1908’de Hicaz demiryolu işletilmeye başlandı, 1909’da Sultan II. Abdülhamit tahttan indirildi. 1918 yılında da Hicaz Demiryolu’nun işletilmesi durduruldu. 1909’dan 1918’e kadar geçen sürede Hicaz Demiryolu’na ilişkin imparatorluk coğrafyasında yeni gelişmeler oldu mu?
Hicaz Demiryolu Medine’ye kadar uzadı. Aslında Mekke’ye ulaşması hedefleniyordu ama o dönemde aşiretlerin olumsuz girişimleri yüzünden Mekke’ye gidilemedi. Bombalama eylemleri gibi kötü durumlar yaşandı. 1914’te I. Dünya Savaşı çıkınca demiryolunun işlemesi yavaşladı. Bu saldırıların nedeni de demiryollarının Osmanlı’nın askeri sevkiyatı açısından oldukça önemli bir stratejik önemi haiz olmasıydı. Bu bölgesel saldırılar demiryolunun işlemesini önemli ölçüde zorlaştırdı. Bir yere kadar demiryoluyla geliyordu insanlar, sonra malzemeleri hayvanlara yüklüyorlardı. Bu nedenle askeri sevkiyat yavaşlamıştı. Bu arada Fahrettin Paşa bazı kutsal emanetleri de İstanbul’a getirmeyi başardı. Bunu dipnot olarak vermekte fayda var. Dolayısıyla demiryoluna belirttiğiniz tarihler arasında bir eklemlenme yaptığını söyleyemeyiz. Bu da bir tarafa, 1914’ten sonra Hicaz Demiryolu’nun sağlıklı bir şekilde işlediğini söylemek de mümkün değil.

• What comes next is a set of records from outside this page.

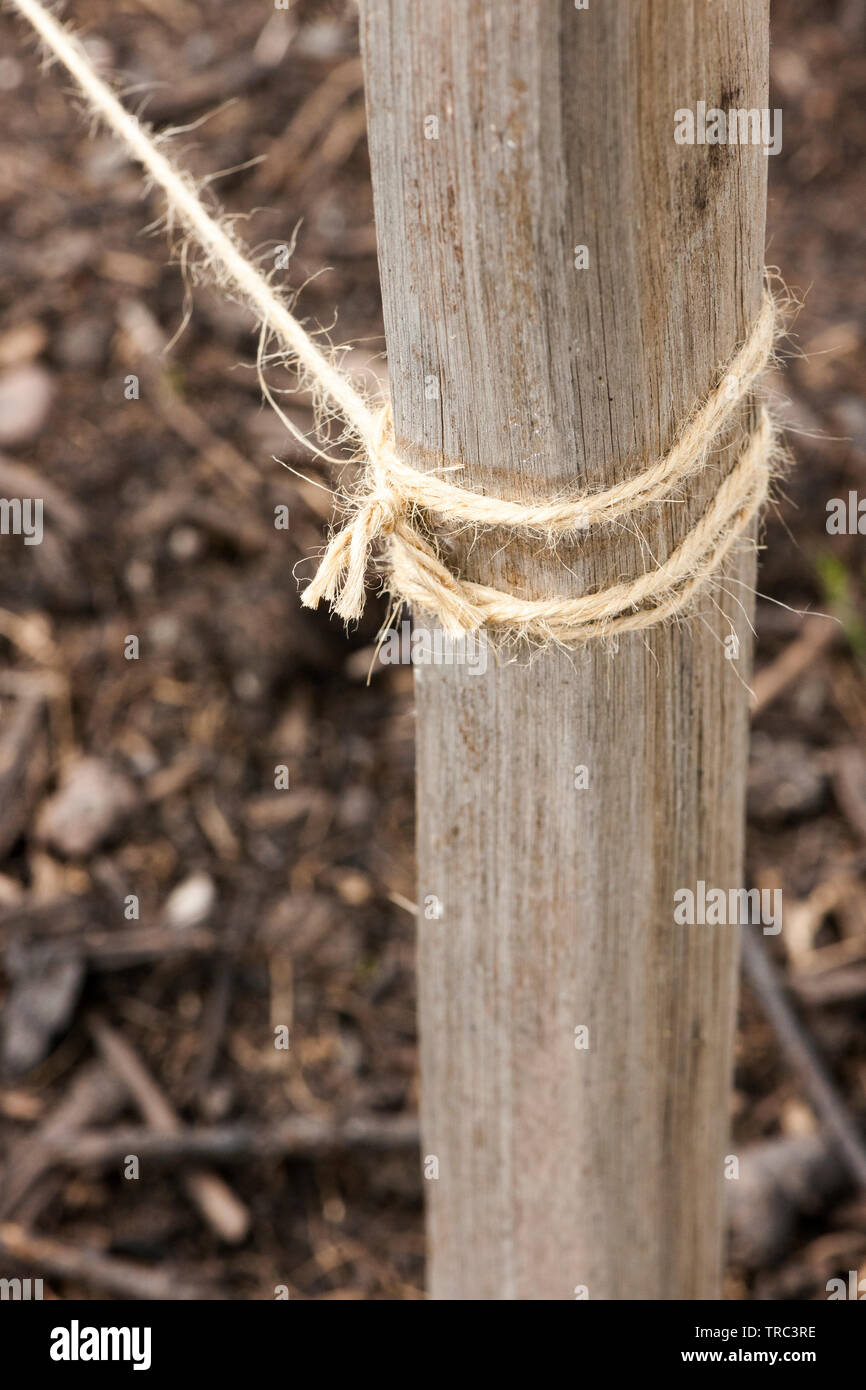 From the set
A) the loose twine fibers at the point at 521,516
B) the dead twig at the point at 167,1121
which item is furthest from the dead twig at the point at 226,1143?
the loose twine fibers at the point at 521,516

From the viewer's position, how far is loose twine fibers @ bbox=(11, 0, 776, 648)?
66 centimetres

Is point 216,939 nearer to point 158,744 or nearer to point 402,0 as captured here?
point 158,744

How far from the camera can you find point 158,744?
1.86 m

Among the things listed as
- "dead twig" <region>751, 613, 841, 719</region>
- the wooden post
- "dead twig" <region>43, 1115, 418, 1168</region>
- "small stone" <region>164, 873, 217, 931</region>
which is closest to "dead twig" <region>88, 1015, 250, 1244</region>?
"dead twig" <region>43, 1115, 418, 1168</region>

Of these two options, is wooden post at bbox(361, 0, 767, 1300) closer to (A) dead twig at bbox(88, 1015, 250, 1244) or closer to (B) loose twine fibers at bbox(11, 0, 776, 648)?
(B) loose twine fibers at bbox(11, 0, 776, 648)

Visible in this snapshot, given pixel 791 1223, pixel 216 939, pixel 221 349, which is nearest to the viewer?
pixel 791 1223

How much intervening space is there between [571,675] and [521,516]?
0.38ft

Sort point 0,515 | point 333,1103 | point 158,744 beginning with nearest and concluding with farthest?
point 333,1103 → point 158,744 → point 0,515

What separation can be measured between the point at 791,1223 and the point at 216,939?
2.68 ft

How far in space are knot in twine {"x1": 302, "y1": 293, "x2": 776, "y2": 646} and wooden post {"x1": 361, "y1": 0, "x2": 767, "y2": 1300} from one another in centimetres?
1

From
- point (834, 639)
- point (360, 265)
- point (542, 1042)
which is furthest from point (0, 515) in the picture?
point (542, 1042)

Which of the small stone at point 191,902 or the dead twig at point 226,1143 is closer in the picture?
the dead twig at point 226,1143

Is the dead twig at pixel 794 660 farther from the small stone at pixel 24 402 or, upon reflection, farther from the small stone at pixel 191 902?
the small stone at pixel 24 402

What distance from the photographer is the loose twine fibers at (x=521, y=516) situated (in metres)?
0.66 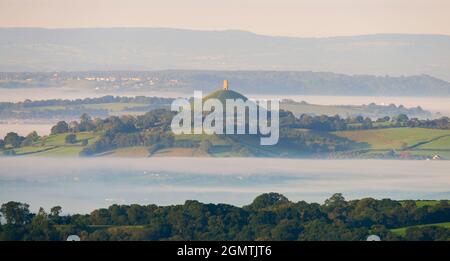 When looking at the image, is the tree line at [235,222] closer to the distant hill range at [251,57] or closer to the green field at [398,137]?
the green field at [398,137]

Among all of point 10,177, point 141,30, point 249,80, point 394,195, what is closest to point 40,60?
point 141,30

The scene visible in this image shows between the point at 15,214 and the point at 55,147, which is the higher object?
the point at 55,147

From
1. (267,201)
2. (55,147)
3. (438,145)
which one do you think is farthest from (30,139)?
(267,201)

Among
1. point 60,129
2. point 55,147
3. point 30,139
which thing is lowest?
point 55,147

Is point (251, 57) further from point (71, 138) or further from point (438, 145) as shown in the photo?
point (438, 145)

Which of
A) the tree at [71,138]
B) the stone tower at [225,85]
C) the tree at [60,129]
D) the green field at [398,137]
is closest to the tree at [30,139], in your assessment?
→ the tree at [60,129]

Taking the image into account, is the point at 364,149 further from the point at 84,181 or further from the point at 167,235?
the point at 167,235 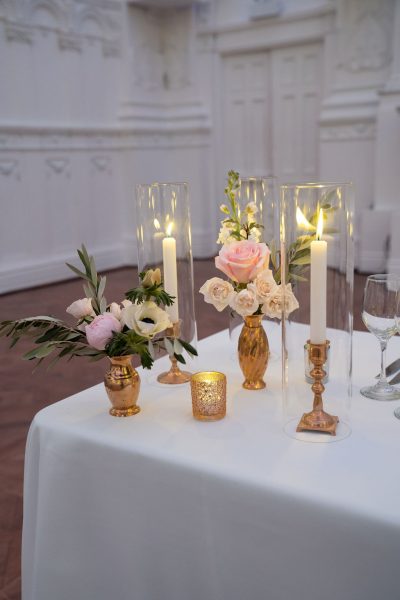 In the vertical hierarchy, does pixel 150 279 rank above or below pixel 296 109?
below

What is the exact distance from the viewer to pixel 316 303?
1.04 m

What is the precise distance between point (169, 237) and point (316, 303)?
1.50 feet

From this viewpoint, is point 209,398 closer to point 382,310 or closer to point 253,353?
point 253,353

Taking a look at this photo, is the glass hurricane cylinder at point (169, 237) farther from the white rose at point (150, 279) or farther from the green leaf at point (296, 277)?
the green leaf at point (296, 277)

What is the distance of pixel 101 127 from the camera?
6340mm

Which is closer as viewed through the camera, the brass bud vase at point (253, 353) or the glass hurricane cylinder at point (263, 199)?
the brass bud vase at point (253, 353)

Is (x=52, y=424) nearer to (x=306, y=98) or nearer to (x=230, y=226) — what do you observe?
(x=230, y=226)

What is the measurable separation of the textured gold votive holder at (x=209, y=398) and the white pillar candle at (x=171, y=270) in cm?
26

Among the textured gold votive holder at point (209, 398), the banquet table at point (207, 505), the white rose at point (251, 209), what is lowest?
the banquet table at point (207, 505)

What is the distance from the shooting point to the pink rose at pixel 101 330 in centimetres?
115

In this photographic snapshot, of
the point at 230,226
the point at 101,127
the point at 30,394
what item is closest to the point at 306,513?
the point at 230,226

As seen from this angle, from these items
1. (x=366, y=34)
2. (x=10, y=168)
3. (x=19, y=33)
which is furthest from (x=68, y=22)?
(x=366, y=34)

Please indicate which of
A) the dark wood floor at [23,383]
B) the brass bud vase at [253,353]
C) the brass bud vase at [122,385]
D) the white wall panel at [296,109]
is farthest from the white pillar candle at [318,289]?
the white wall panel at [296,109]

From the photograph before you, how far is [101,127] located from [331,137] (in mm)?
2350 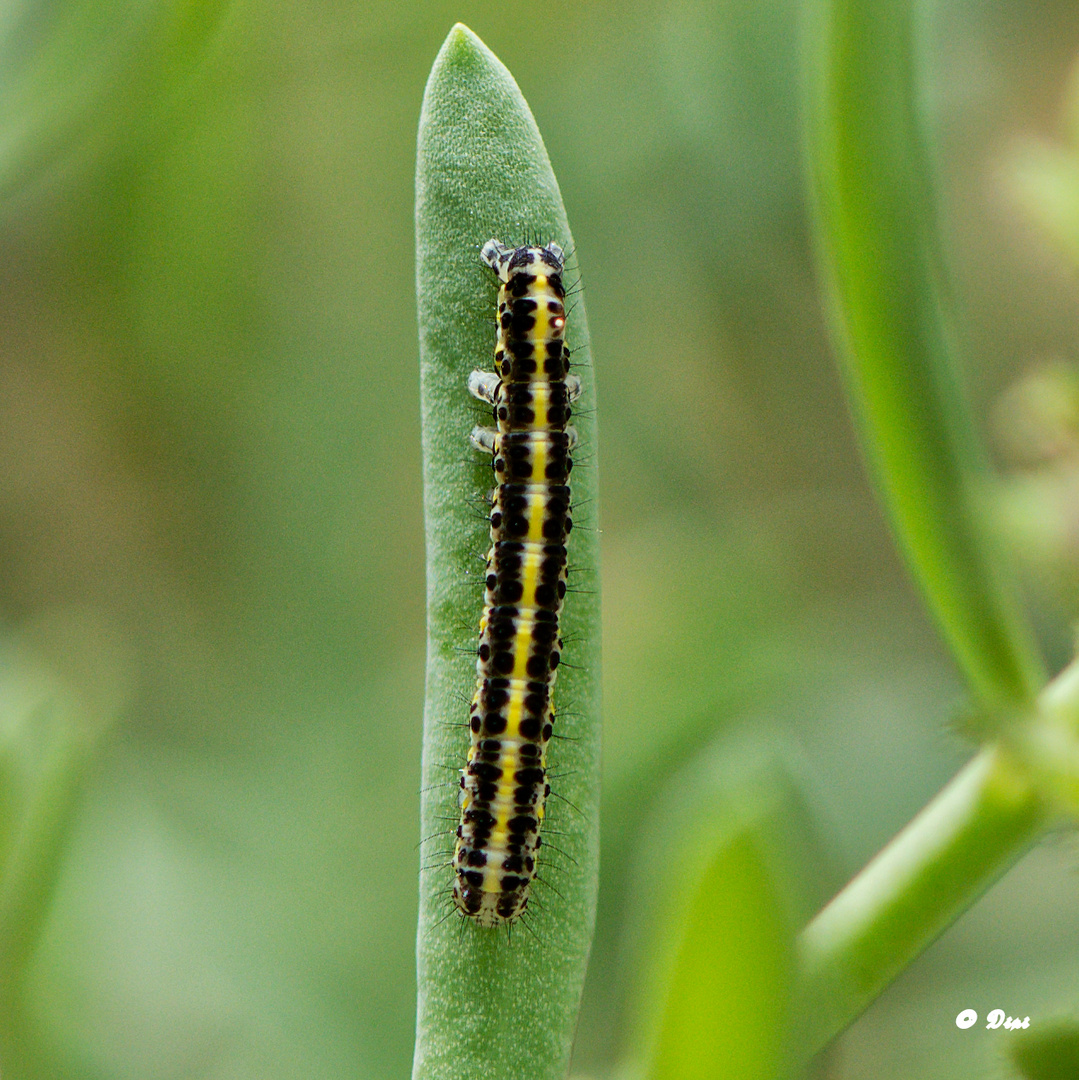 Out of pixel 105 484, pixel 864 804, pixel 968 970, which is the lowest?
pixel 968 970

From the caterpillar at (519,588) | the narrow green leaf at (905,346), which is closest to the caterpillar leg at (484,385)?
the caterpillar at (519,588)

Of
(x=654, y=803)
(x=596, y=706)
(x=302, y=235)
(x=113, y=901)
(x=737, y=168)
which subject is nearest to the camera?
(x=596, y=706)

Sultan II. Abdülhamit Han zamanında işletilmeye çalışılan Hicaz Demiryolu’na bugün yeniden işlerlik kazandırılmaya çalışılıyor malumunuz. 1950’lerde Marshall Yardımı’nın neticesinde Türkiye’de büyük oranda kara ulaşımının sağlanması için otoyollar yapıldı. Bunun nelere mal olduğu bugün hâlâ tartışılıyor. 100 yıl önce Sultan Abdülhamit’in böyle bir projeyi hayata geçirme çabasını onun ferasetinin bir örneği şeklinde değerlendirebilir miyiz?
Kesinlikle böyledir. Üstelik sadece demiryolu alanında değil daha birçok alanda da II. Abdülhamit’in yaptığı icraatlar onun ne kadar ferasetli bir devlet adamı olduğunu gösteriyor. Sultan II. Abdülhamit içerisinde bulunduğu devirde son derece ileri görüşlü ve ülke menfaatlerini gözeten bir politika uyguladı. Bizim demiryolu politikasından vazgeçmemiz 1947’ye yani Demokrat Parti’nin döneminden biraz daha öncesine dayanıyor. Sizin de ifade ettiğiniz gibi Marshall yardımıyla gündeme gelmiş bir şey bu. Bu tarihten sonra biz bir politika olarak demiryolu yapmaktan vazgeçtik. Bir ülkenin kalınması için stratejik anlamda, iktisadi anlamda, siyasi anlamda demiryolu çok önemli. Tabii bunu gören gereğini yapıyor. Göremeyen de demiryolunu küçümsüyor.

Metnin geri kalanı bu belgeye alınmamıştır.